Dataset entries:
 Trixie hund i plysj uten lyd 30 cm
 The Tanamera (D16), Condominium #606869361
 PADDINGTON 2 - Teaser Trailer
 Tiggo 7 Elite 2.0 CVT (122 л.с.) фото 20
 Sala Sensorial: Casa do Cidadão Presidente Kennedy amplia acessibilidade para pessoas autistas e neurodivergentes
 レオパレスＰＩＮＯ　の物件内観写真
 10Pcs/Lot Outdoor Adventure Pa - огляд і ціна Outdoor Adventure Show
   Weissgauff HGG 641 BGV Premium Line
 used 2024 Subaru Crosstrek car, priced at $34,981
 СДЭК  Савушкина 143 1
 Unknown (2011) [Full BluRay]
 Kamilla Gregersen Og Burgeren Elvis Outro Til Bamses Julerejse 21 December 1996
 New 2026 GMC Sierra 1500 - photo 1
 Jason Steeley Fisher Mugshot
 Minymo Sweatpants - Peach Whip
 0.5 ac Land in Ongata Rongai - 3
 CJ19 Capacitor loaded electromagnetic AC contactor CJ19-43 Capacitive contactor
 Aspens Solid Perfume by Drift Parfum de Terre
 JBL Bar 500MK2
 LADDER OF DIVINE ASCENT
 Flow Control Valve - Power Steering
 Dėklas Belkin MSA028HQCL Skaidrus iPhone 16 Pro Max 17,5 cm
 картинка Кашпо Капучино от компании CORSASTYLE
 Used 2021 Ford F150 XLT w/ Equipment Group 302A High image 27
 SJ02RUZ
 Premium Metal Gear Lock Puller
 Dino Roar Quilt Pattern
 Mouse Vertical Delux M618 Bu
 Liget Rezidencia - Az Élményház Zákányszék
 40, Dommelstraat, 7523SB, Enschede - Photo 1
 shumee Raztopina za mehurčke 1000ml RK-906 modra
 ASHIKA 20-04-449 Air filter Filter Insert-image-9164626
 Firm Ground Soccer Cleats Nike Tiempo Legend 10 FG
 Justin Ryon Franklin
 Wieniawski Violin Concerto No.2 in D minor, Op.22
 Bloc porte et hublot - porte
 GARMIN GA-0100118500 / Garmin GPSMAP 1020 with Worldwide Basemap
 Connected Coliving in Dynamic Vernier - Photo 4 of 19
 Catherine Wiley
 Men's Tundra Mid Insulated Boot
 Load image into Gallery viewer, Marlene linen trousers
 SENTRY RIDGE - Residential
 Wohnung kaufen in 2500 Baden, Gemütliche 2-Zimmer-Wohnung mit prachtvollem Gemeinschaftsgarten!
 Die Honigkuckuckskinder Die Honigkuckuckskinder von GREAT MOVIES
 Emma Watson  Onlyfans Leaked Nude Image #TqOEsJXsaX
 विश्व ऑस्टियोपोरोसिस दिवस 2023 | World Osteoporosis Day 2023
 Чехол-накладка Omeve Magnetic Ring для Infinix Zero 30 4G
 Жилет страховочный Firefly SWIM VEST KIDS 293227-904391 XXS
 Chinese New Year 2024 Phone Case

• _TRY IT_
In the records, find every line that has the string "Premium" and copy it.

• _SOLUTION_
   Weissgauff HGG 641 BGV Premium Line
 Premium Metal Gear Lock Puller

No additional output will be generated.